Le règlement P2B constitue une première réponse à ces enjeux en imposant aux plateformes d’informer les professionnels sur les principaux paramètres déterminant le classement des offres et sur l’existence éventuelle d’un traitement différencié. Cette transparence vise à garantir une forme d’équité dans la comparaison implicite opérée par ces intermédiaires numériques.

La question des avis en ligne, qui constituent une forme de comparaison indirecte entre produits ou services, fait l’objet d’une attention particulière. La loi du 7 octobre 2016 pour une République numérique a introduit une obligation de loyauté concernant la publication des avis de consommateurs, obligation précisée par le décret du 23 avril 2017.

Ces dispositions imposent aux plateformes de vérifier que les auteurs des avis ont effectivement eu une expérience de consommation et d’indiquer si les avis ont fait l’objet d’une modération. Elles visent à garantir l’objectivité et la fiabilité de cette forme particulière de comparaison entre produits ou services.

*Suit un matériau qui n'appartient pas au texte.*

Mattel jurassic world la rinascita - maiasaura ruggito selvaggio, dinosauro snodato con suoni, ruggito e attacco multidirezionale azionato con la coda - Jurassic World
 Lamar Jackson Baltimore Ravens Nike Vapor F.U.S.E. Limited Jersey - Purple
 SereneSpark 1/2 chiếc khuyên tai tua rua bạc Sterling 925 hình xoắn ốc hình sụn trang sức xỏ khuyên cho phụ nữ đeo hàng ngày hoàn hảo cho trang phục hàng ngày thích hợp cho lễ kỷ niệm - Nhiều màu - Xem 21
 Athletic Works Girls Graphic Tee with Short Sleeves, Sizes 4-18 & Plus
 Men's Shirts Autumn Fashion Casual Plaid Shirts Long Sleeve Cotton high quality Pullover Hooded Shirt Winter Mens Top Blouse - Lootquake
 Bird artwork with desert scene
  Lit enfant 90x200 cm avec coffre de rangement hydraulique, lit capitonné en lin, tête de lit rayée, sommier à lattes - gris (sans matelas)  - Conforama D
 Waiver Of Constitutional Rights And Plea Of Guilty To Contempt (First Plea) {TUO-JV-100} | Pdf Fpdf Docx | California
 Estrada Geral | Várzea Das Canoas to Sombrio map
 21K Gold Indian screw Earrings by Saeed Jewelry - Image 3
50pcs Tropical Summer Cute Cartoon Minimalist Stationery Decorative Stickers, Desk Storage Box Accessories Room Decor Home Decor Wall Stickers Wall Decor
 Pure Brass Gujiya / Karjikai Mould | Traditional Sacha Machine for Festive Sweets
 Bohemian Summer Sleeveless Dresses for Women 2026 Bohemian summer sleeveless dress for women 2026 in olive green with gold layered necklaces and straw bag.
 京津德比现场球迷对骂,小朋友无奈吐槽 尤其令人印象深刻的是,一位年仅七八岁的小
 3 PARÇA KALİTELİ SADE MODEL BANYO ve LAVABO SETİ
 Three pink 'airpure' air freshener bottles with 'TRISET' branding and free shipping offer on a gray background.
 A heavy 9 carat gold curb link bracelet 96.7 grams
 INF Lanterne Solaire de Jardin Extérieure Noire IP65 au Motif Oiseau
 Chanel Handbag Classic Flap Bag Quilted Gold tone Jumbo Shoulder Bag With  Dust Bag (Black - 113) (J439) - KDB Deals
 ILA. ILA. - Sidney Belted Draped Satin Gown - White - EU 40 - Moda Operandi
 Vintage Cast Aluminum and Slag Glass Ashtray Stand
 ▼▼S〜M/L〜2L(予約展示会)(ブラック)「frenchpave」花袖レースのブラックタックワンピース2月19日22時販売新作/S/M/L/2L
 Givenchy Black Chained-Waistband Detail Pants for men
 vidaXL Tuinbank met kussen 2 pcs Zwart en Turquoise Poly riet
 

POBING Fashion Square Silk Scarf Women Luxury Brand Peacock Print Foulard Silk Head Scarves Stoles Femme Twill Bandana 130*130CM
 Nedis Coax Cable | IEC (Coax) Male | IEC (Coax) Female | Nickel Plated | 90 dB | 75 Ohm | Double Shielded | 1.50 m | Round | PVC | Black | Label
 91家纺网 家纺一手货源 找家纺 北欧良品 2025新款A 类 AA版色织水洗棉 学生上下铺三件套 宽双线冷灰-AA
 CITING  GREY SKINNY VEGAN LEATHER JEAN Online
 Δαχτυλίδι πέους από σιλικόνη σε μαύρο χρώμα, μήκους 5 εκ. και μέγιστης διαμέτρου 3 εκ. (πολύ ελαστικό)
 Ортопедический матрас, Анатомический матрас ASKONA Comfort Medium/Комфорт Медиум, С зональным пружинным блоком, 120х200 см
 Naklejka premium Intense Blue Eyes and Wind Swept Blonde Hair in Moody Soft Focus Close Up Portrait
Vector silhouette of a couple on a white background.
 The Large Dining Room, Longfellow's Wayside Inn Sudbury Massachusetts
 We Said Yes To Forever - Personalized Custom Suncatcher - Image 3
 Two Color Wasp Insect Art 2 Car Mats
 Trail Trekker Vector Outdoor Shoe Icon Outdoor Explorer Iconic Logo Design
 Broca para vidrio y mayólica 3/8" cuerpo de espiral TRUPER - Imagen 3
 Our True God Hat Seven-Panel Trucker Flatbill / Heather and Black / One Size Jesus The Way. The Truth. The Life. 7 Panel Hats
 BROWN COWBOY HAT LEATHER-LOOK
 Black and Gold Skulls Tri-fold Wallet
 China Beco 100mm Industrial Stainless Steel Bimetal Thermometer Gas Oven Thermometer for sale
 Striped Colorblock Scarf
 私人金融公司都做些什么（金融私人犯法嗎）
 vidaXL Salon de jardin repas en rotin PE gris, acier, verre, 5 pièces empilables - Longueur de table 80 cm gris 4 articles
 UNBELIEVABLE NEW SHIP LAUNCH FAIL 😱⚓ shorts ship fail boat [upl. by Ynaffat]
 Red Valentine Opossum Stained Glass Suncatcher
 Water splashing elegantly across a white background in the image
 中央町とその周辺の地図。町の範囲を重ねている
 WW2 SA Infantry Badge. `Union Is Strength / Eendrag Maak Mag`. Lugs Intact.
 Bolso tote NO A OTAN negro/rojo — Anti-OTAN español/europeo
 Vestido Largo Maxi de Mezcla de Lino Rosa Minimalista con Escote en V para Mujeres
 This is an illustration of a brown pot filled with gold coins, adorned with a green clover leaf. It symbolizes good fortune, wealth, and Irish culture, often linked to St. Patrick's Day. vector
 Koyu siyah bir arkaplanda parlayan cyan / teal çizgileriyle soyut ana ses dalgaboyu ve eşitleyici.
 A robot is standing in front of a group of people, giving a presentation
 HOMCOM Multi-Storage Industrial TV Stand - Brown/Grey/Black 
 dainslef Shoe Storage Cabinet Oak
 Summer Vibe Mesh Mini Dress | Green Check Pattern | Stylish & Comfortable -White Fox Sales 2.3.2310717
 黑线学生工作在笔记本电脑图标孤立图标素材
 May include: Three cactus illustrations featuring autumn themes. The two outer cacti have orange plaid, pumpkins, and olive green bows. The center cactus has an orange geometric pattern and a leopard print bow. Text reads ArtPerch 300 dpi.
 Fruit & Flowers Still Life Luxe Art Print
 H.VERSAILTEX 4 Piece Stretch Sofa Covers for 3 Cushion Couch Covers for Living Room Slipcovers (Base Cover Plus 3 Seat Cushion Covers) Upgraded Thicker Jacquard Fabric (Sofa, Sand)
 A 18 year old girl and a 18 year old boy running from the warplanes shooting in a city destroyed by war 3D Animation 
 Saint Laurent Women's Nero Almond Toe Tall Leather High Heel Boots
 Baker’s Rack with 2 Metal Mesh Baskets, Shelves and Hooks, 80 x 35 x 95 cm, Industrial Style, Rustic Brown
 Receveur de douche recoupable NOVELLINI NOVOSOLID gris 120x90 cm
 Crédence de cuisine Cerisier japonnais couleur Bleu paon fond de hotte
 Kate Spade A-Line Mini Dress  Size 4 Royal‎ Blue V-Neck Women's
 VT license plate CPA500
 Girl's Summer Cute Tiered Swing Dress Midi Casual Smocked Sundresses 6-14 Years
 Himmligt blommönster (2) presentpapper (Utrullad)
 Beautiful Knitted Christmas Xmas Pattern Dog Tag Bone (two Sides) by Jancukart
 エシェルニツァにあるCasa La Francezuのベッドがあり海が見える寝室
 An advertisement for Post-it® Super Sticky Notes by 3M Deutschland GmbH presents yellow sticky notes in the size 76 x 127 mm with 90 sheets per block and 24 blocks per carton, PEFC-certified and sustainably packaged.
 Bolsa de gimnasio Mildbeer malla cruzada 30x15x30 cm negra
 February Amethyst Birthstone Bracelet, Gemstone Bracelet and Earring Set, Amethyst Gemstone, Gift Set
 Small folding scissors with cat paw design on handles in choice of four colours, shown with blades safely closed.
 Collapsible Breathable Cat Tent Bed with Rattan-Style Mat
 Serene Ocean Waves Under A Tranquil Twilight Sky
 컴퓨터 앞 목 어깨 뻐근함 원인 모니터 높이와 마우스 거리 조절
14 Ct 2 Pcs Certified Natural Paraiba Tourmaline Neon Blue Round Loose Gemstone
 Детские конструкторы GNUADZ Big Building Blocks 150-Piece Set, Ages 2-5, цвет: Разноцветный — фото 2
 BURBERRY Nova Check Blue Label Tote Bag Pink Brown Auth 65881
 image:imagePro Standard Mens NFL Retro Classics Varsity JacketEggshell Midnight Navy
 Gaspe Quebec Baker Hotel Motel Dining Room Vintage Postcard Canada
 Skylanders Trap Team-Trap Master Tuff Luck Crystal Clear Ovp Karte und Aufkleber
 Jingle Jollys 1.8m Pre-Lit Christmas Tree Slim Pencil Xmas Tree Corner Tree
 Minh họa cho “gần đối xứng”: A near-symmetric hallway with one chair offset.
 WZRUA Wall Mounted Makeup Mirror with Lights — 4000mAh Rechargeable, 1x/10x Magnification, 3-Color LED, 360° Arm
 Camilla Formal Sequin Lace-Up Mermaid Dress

Les perspectives d’une régulation internationale

La dimension mondiale de l’internet et des plateformes numériques appelle une réflexion sur les perspectives d’une régulation internationale de la publicité comparative. L’OCDE a formulé des recommandations sur la protection des consommateurs dans le commerce électronique qui abordent indirectement la question des pratiques comparatives.

L’Organisation Mondiale du Commerce pourrait constituer un forum approprié pour l’élaboration de principes communs concernant la loyauté des pratiques publicitaires transfrontalières, y compris les publicités comparatives. Une telle harmonisation contribuerait à réduire les obstacles au commerce international tout en garantissant un niveau élevé de protection des consommateurs.

Dans l’attente d’une régulation véritablement mondiale, des initiatives régionales comme le RGPD européen démontrent la possibilité d’exercer une influence normative au-delà des frontières géographiques traditionnelles. Le modèle européen de régulation de la publicité comparative pourrait ainsi inspirer d’autres systèmes juridiques face aux défis communs posés par la numérisation de l’économie.

L’harmonisation des pratiques dans l’espace numérique apparaît ainsi comme un processus complexe et multidimensionnel, associant convergence des cadres juridiques nationaux, développement de l’autorégulation professionnelle, adaptation aux spécificités des nouveaux intermédiaires numériques et recherche de principes communs à l’échelle internationale. Ce processus reflète la nécessité de préserver les équilibres fondamentaux entre liberté d’entreprendre, protection des concurrents et information loyale des consommateurs dans un environnement économique et technologique en constante mutation.